Freer Gallery of Art (1928) ve Arthur M. Sackler Gallery (1982) ABD'nin Asya'ya ozgu en buyuk sanat eserleri koleksiyonuna sahip muzeleriymis. Misir'dan heykeller, tahta oyma sanat eserleri, seramikler, Cin'den tablolar, sermikler, Kore porselenleri, Japonya'dan paravanlar, baskilar, porselenler, Iran'dan el yazmasi eserler, Budist heykelleri, Amerikali sanatci  James McNeill Whistler'a ait unlu "tavuskusu odasi" (Peacock Room), Hindistan'dan fotograflar, seramikler, Umman'dan antik heykeller ve daha bir cok ilginc eser sergileniyor.
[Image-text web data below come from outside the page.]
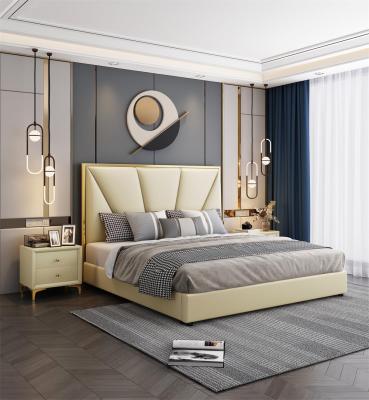 China Storage Europe Style Italian Bedroom Furniture Beds Set Modern Luxury King Size Wooden Beds Designs Soft Wooden Double Leather Bed for sale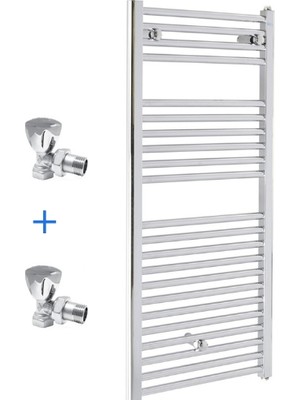 E.C.A. 500×1100 mm Düz Krom Havlupan Seti 2 Adet Krom Vanası ile Isıtma ve Kurutma İçin (Montaj Hariç)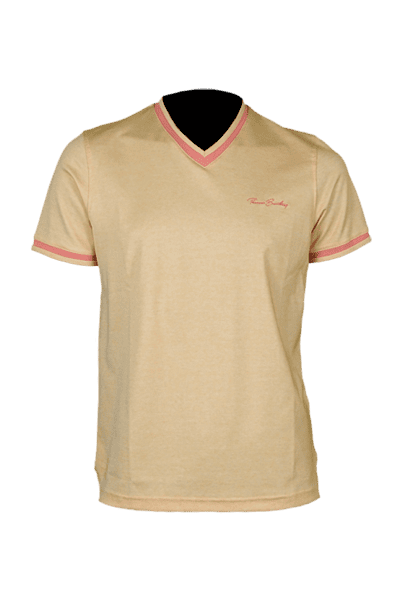 Men's plain v-neck short-sleeved t-shirt - peach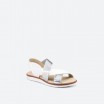 Silver Sandals in Leather for Woman - TUNNEL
Hepsini gezmek icin 2 saat kadar ayirmak gerekiyor.



 Peacock Room

Augustus Saint-Gaudens, Labor Supported by Science and Art (1892) ve Law Supported by Power and Love (1894), bronz


Arthur M. Sackler Gallery'deki gecici sergilerden biri olan Ara Güler'in "Ara Güler'in Anadolusu" isimli fotograf sergisini gezmek istedigim icin Sackler Gallery'ye gittim once. Ara Güler kendisini her ne kadar fotograf sanatcisi yerine foto muhabiri olarak tanimlasa da bence Turkiye'de fotograf sanatcisi denilince akla gelen ilk isimdir. 1928'de Istanbul'da dogan Ermeni bir ailenin cocugu olan Ara Güler, Istanbul Universitesi Ekonomi Bolumu mezundur. 1950'de Yeni İstanbul gazetesinde gazeteciliğe başlamis daha sonra 1961 yılına kadar Hayat dergisinde fotoğraf bölümü şefi olarak çalışmis. 1961'de İngiltere'de yayınlanan Photography Annual, Ara Güler'i dünyanın en iyi yedi fotoğraf sanatcisinda biri olarak tanımlamis. Aynı yıl Amerikan Dergi Fotoğrafçıları Derneği'ne kabul edilen Türkiye'den tek fotografci olmus. Bir cok önemli yayında fotoğrafları kullanılmis ve bir cok ulkede sergiler acmis. Indira Gandi, Winston Churchill, Picasso, Alfred Hitchcock, Fikret Mualla, Ismet Inonu ve Salvador Dali gibi birçok ünlünün fotoğrafını çekmis, röportajlar yapmis. 1979'da Türkiye Gazeteciler Cemiyeti'nin foto muhabirliği dalındaki birincilik ödülünü almis. 18 tane kitabi yayinlanan Ara Güler'in Beyoglu'nda Ara Kafe adindan bir kafesi var ve hala fotograf cekmeye, Turkiye'nin tarihini arsivlemeye devam ediyor.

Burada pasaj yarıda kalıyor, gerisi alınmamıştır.